Bereits das Basismodul mit Überwachung und Monitoring erleichtert den Betreibern des Klärwerks die Arbeit: Sie erhalten alle Informationen über den aktuellen Zustand der Anlagen und werden frühzeitig auf Probleme aufmerksam. Die beiden zusätzlichen Module für Condition Monitoring und Energiemanagement erhöhen die Effizienz noch deutlich.
Die digitale Lösung erkennt mögliche Störungen bereits dann, wenn ein Ausfall noch in weiter Ferne ist. Dadurch verlängert sich die Lebensdauer der Anlage und die Kosten für die Instandhaltung sinken. Das Energiemanagement hilft dabei, die Energiekosten zu überwachen und durch passende Maßnahmen zu senken.
Das Ergebnis: Höhere Effizienz und Nachhaltigkeit
Die datenbasierte Überwachung ermöglicht es den Betreibern des Klärwerks, ihre Maschinen kontinuierlich zu beobachten und nicht wie bei einem regelmäßigen Wartungsrundgang nur zu einem bestimmten Zeitpunkt.

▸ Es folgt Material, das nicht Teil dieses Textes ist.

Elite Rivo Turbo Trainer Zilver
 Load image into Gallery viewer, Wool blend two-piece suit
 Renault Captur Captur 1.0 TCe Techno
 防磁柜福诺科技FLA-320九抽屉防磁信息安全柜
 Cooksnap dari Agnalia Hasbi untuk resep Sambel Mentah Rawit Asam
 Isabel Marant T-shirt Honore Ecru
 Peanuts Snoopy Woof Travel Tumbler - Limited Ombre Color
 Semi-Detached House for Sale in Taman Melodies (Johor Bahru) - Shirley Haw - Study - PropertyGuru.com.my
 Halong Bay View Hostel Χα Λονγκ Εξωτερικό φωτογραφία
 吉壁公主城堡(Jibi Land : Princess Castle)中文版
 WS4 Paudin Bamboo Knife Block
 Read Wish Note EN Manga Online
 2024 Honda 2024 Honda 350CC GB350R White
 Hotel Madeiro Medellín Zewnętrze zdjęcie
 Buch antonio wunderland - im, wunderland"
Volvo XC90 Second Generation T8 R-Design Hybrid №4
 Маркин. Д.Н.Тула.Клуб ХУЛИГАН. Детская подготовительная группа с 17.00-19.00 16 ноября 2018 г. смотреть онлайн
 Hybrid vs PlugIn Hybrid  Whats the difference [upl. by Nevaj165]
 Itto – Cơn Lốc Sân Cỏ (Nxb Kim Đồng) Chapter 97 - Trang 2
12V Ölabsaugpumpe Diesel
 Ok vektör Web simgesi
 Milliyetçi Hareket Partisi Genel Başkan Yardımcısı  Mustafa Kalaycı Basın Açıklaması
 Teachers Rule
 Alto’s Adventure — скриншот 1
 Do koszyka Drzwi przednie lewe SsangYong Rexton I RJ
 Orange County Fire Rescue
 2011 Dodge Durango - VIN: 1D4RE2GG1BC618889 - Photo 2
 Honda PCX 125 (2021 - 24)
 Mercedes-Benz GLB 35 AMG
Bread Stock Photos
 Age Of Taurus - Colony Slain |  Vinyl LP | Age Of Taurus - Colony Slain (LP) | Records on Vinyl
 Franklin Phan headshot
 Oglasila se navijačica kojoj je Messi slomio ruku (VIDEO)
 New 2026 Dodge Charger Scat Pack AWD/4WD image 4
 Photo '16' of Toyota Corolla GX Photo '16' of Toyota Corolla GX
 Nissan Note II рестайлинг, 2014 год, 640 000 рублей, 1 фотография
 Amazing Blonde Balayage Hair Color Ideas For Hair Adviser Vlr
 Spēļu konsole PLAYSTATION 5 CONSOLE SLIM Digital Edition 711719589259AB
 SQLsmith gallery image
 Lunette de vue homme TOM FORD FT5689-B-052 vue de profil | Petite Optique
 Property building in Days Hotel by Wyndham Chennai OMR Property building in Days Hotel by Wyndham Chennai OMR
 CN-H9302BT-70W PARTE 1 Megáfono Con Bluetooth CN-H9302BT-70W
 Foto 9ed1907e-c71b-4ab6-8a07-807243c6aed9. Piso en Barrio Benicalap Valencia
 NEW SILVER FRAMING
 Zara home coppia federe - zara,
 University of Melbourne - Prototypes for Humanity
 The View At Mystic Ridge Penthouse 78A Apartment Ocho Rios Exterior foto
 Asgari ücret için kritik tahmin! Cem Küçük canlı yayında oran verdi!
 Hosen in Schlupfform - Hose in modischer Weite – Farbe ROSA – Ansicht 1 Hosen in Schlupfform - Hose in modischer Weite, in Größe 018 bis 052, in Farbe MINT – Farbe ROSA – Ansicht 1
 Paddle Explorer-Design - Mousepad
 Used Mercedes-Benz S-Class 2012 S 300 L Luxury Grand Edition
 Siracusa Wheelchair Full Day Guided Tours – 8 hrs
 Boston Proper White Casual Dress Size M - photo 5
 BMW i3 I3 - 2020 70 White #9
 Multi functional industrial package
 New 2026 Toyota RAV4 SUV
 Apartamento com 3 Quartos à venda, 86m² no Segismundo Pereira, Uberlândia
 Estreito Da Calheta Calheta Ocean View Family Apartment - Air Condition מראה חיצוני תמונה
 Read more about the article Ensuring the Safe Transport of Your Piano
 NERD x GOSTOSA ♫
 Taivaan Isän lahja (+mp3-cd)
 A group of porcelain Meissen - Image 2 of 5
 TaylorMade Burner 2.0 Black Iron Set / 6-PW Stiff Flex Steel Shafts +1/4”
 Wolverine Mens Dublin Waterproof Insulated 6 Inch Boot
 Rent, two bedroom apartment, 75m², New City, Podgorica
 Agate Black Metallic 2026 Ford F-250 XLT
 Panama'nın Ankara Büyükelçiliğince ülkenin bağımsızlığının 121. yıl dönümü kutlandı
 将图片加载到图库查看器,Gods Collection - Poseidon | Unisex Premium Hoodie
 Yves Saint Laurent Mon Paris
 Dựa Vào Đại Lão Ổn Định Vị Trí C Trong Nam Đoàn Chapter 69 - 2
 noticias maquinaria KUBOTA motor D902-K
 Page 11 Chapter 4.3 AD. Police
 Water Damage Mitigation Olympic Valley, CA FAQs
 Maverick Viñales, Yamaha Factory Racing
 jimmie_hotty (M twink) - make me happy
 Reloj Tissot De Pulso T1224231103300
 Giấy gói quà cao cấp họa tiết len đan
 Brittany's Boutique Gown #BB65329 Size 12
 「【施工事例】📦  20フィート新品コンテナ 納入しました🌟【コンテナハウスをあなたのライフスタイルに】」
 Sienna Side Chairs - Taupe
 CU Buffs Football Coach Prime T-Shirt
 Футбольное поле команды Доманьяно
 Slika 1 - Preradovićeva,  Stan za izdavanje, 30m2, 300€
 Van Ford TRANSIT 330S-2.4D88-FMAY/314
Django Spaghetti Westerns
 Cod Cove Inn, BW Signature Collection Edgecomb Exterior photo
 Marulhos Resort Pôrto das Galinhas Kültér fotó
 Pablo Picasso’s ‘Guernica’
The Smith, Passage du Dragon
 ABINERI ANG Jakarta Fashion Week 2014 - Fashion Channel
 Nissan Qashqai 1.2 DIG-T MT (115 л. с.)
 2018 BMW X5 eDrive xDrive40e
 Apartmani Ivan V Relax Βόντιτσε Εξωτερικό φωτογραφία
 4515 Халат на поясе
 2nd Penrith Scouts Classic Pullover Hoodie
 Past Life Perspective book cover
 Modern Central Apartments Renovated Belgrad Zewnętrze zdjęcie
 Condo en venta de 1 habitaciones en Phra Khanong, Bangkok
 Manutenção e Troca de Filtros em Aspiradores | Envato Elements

Dadurch werden Probleme früher erkannt und Stillstandzeiten verkürzt. Unter anderem ist es nun möglich, Ersatzteile frühzeitig zu bestellen. Es ist nicht mehr notwendig, mit vorhandenen Teilen Reinigung und Betrieb durch Reparaturversuche aufrechtzuerhalten.
Das Monitoring hilft auch beim Senken der Energiekosten. Ein Beispiel: Zahlreiche Bauteile wie Luftfilterpatronen haben einen erhöhten Energieverbrauch, wenn sie stark abgenutzt sind und das Ende ihres Lebenszyklus erreicht haben. Durch die Überwachung des Energieverbrauchs ist es den Betreibern möglich, die Abnutzung frühzeitig zu erkennen und die entsprechenden Teile auszutauschen, bevor sie bis zum Ausfall hohe Kosten verursachen.
Letztlich dient die Digitalisierung auch der Nachhaltigkeit und der Vermeidung von Wasserknappheit. Die Trockenheit der Jahre 2018-2020 hat gezeigt: Selbst im grundsätzlich regenreichen Mitteleuropa gibt es Regionen mit Wasserknappheit. Eine Lösung für dieses Problem ist die Aufbereitung von industriellen Kommunalabwässern zu Frischwasser, dass sowohl als Trinkwasser als auch in der Landwirtschaft eingesetzt werden kann. Digitalisierung bietet hier Chancen, die noch zu wenig erkannt werden.